Led by Fr. Francis de Sales Brunner, C.PP.S., (pictured at right) the Missionaries came to America in 1844. They had been invited to serve here by Archbishop John Baptist Purcell of the Archdiocese of Cincinnati, who needed priests and brothers to minister to the German-speaking Catholic settlers along Ohio’s western border.
Fr. Brunner was a Swiss-born priest of such zeal that he used the long Atlantic crossing as an opportunity to lead a nine-day retreat to the priests, brothers and candidates who accompanied him to the United States. He led his small group of Missionaries to found parishes and mission houses throughout western Ohio and Indiana. While the priests served in parishes, the brothers performed the back-breaking labor of clearing the land and building religious houses at 10 different locations.

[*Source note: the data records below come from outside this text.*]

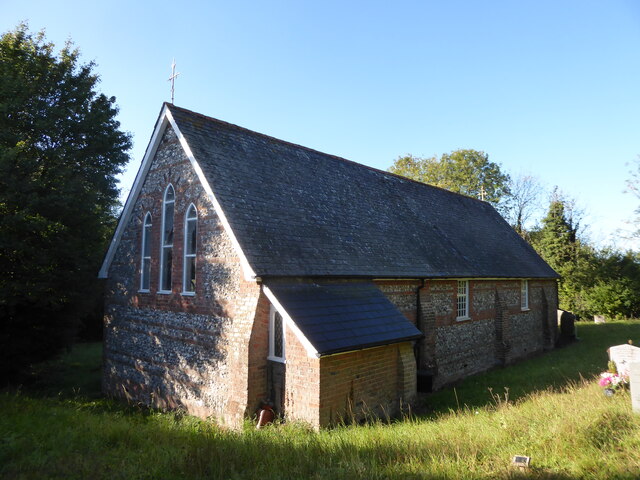 St Michael, Axford: Rear View © Basher Eyre :: Geograph Britain And Ireland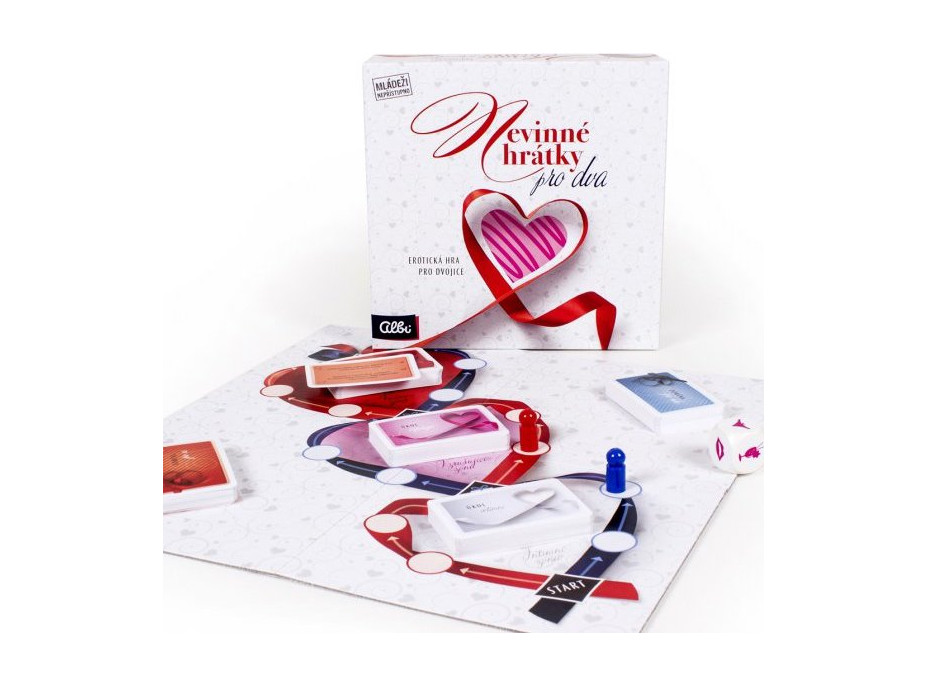 ALBI Nevinné hrátky pro dva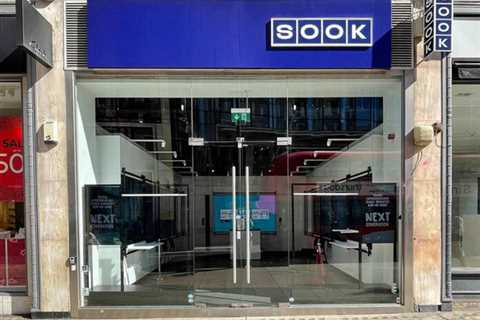 UK High Street Retailer Sook Shuts Down All Branches After Failing to Secure Funding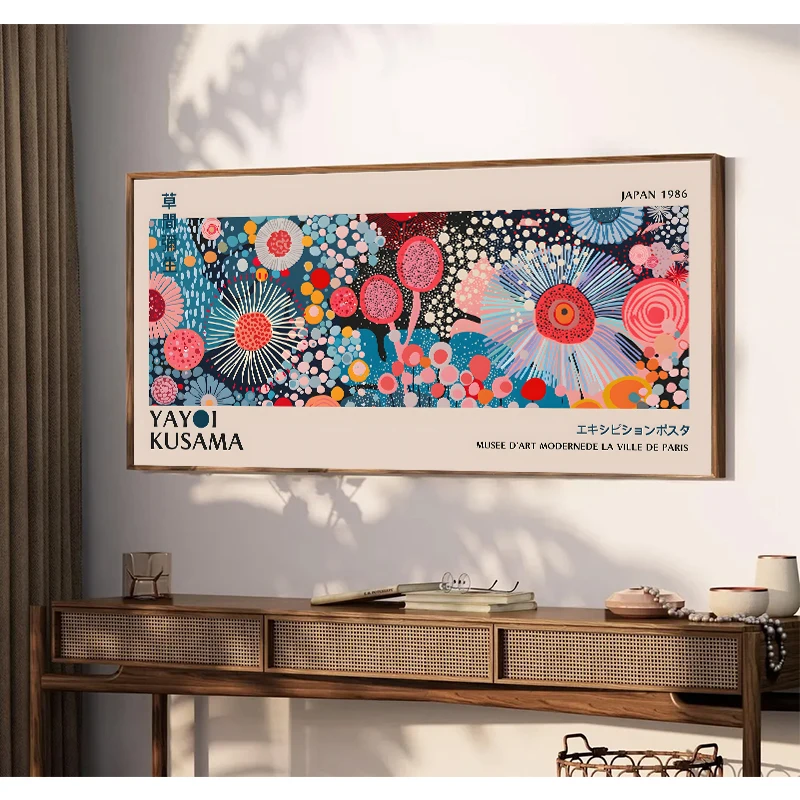 Yayoi Kusama ดอกไม้นิทรรศการโป - Japanese Kids Lifestyle บทวิจารณ์และราคา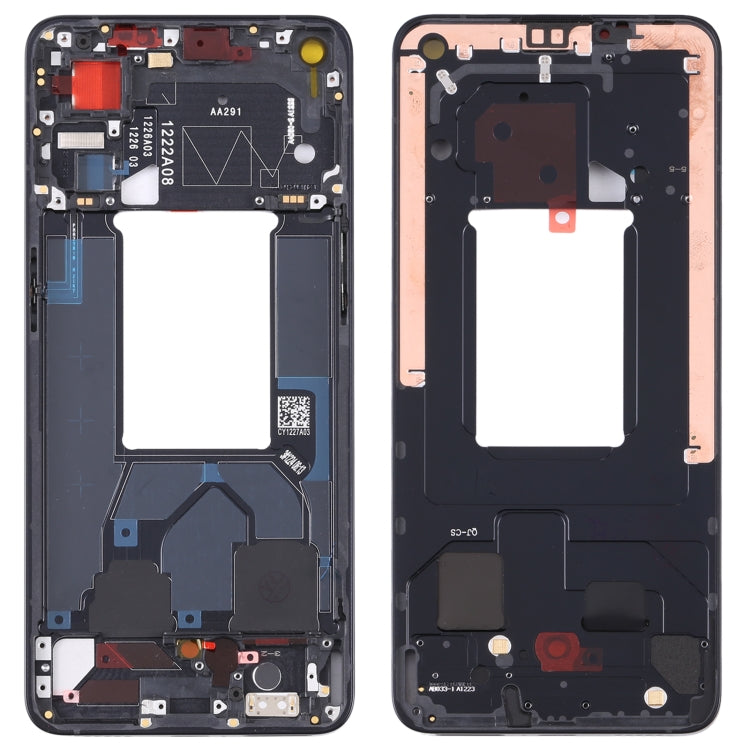 For OPPO Reno7 5G China PFJM10 Original Front Housing LCD Frame Bezel Plate, For OPPO Reno7 5G China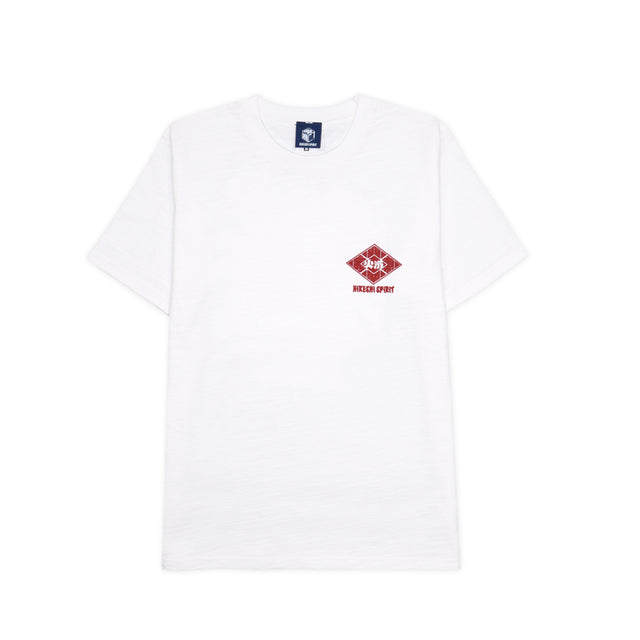 Four Gods White Tiger Slab Tee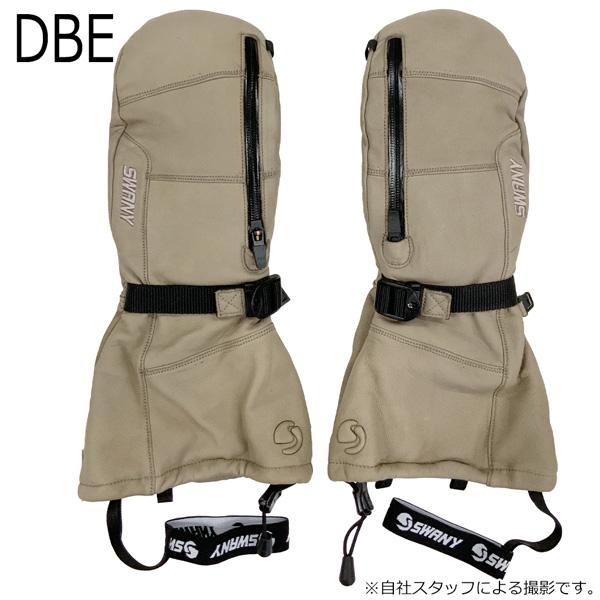 25-26 スワニー バストーン SWANY BASTONE スキー スノーボード 手袋 25-26-GR-SWY | SWANY（キャリーバック） | 07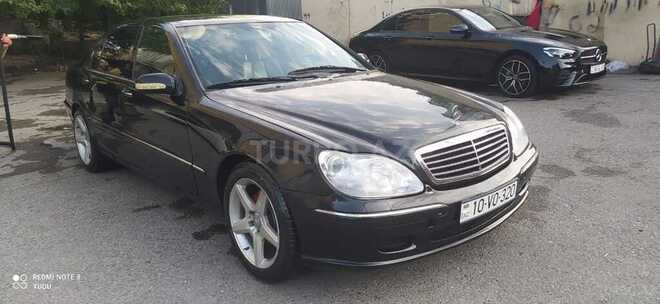 Mercedes S 320 2000, 250,000 km - 3.2 l - Bakı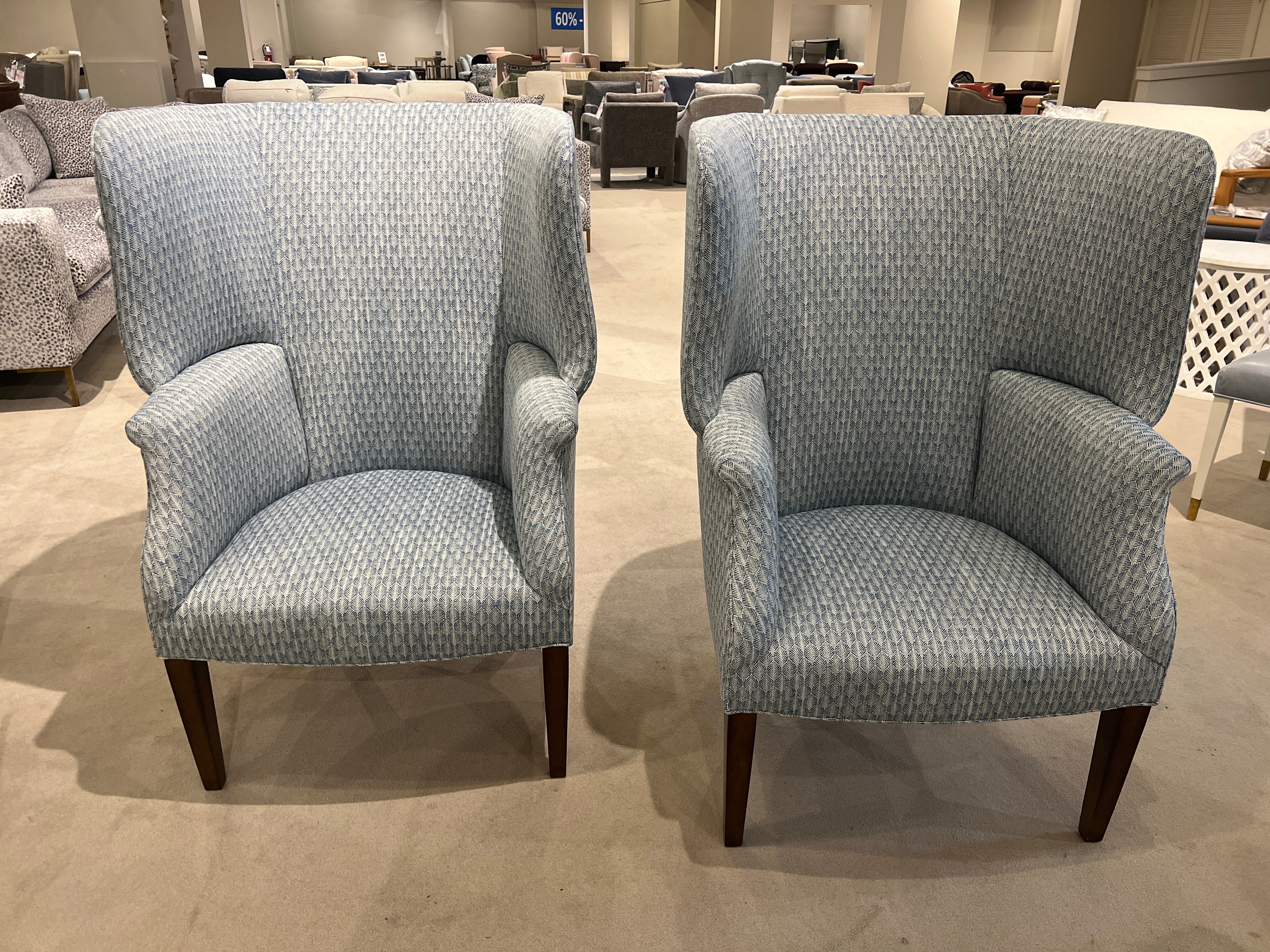 Highland House Factory Outlet Andre Wing Chair 1529/150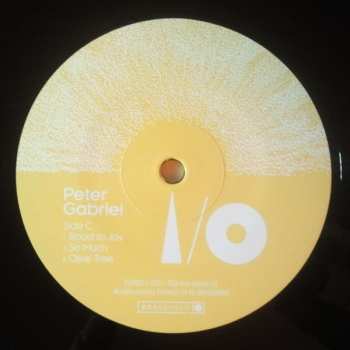 4LP/2CD/Zestaw pudełkowy/Blu-ray Peter Gabriel: I/O DLX | LTD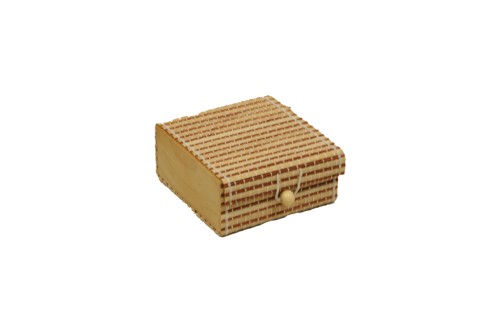 Caja bambu pequeña dos colores
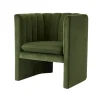 Fauteuil Loafer SC23 f, tissu Ritz pine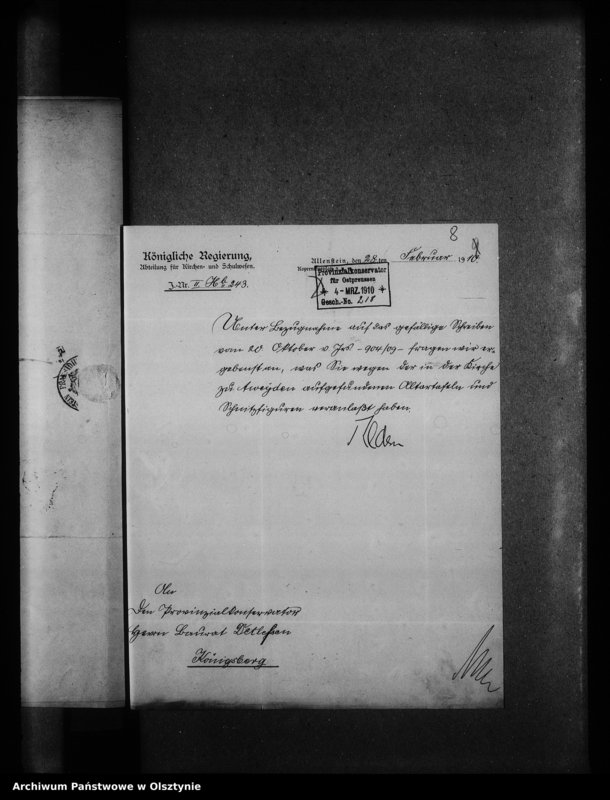 image.from.unit.number "Aweyden, evangelische Kirche"
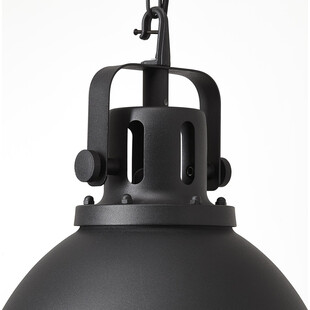 Lampa Wisząca Industrialna Jesper Czarna | Brilliant - Kup Teraz!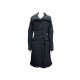 MANTEAU LOUIS VUITTON DOUDOUNE NOIRE AVEC CAPUCHE PUFFER LONG COAT M 38 3900€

Fr. Brunner never had a spare nickel and his priests were criticized because some thought them rough around the edges and under-educated. Yet Fr. Brunner and the Missionaries who followed him founded dozens of Precious Blood parishes, as well as the Sorrowful Mother Shrine in Bellevue, Ohio.
From those parishes came the next generation of Missionaries to serve in the United States, and then the next and the next. Missionaries established two colleges, Saint Joseph’s College in Rensselaer, Ind., and Calumet College of St. Joseph in Whiting, Ind.
From the United States, the Missionaries went on to serve in Chile in 1947, then Peru and Central America.
God alone keeps an inventory of the Missionaries’ accomplishments, but people in Precious Blood parishes, those who were educated by them, or who met them in other ways have their own favorite stories of the times when a Precious Blood priest or brother stepped into their lives when he was most needed.